▸ **WORK TASK**:
When the string "Used" is part of a line below, that line should be copied.

DATA FOR THIS TASK START

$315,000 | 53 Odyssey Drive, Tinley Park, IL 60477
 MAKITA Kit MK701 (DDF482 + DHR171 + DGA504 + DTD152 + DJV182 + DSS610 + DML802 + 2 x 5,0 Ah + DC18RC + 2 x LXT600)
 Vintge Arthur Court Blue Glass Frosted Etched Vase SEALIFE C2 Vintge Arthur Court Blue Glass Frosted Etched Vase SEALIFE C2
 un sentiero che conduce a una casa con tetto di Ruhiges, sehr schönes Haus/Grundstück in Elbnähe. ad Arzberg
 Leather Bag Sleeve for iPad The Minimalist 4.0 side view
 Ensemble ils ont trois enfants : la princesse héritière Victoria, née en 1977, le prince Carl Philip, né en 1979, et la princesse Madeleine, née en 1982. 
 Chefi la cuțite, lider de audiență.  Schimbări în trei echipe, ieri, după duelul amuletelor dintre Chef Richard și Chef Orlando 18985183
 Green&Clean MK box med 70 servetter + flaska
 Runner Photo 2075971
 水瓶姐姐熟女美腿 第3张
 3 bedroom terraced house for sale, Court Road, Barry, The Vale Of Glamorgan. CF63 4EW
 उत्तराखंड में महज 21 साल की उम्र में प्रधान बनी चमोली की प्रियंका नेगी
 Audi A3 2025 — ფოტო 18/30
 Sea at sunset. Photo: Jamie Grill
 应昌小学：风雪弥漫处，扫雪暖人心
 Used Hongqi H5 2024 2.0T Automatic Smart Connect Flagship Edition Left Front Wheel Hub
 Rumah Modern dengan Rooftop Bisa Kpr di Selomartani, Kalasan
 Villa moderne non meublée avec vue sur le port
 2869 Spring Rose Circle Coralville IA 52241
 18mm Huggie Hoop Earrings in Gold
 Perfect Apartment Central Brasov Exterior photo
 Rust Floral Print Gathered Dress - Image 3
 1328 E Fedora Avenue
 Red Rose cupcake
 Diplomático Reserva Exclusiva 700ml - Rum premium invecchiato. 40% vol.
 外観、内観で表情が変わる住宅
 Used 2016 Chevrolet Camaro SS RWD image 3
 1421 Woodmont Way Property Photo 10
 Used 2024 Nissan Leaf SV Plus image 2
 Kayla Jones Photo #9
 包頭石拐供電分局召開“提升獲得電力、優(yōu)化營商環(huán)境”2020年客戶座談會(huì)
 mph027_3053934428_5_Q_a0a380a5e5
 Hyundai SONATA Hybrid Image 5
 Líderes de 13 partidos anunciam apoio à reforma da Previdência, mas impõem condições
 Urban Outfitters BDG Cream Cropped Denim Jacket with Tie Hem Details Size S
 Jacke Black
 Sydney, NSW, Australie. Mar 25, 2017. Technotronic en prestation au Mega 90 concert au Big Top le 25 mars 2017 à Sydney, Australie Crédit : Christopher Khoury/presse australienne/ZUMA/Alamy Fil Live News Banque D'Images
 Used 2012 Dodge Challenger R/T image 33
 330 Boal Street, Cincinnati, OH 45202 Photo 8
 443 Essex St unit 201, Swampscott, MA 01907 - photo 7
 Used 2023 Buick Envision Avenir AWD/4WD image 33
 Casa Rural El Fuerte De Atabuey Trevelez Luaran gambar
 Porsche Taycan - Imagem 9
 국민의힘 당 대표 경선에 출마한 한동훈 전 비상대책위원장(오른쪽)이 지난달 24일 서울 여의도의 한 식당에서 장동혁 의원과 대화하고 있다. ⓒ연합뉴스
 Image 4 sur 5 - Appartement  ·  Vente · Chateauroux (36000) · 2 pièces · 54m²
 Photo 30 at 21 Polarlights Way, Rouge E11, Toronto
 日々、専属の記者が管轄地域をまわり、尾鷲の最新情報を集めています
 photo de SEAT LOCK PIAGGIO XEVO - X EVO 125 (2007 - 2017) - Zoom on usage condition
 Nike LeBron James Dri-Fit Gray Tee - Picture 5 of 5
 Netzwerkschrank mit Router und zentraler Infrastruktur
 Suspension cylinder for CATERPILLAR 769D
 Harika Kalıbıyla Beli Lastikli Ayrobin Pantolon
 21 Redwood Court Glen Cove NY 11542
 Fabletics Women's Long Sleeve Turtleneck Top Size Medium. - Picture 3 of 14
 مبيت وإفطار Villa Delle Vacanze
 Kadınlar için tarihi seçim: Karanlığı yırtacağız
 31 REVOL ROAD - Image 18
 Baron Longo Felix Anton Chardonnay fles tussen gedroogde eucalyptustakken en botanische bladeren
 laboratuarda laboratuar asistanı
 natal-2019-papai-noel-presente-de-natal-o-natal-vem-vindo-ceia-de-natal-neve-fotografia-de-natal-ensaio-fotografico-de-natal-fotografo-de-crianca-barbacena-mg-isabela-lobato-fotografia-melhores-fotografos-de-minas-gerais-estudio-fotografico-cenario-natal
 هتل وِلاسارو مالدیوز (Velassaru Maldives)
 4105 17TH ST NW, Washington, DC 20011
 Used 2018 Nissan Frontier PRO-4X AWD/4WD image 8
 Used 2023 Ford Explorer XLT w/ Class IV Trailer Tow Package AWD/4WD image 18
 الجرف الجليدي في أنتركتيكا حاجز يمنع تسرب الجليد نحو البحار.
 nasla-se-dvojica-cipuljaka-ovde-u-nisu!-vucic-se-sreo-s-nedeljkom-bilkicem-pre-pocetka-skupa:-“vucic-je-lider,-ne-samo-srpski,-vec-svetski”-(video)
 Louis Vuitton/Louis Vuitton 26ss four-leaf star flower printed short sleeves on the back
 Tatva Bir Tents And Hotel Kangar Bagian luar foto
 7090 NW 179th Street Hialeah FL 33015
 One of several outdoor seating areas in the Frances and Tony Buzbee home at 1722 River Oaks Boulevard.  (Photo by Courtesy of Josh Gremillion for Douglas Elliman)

DATA FOR THIS TASK END

▸ **WORKED SOLUTION**:
 Used Hongqi H5 2024 2.0T Automatic Smart Connect Flagship Edition Left Front Wheel Hub
 Used 2016 Chevrolet Camaro SS RWD image 3
 Used 2024 Nissan Leaf SV Plus image 2
 Used 2012 Dodge Challenger R/T image 33
 Used 2023 Buick Envision Avenir AWD/4WD image 33
 Used 2018 Nissan Frontier PRO-4X AWD/4WD image 8
 Used 2023 Ford Explorer XLT w/ Class IV Trailer Tow Package AWD/4WD image 18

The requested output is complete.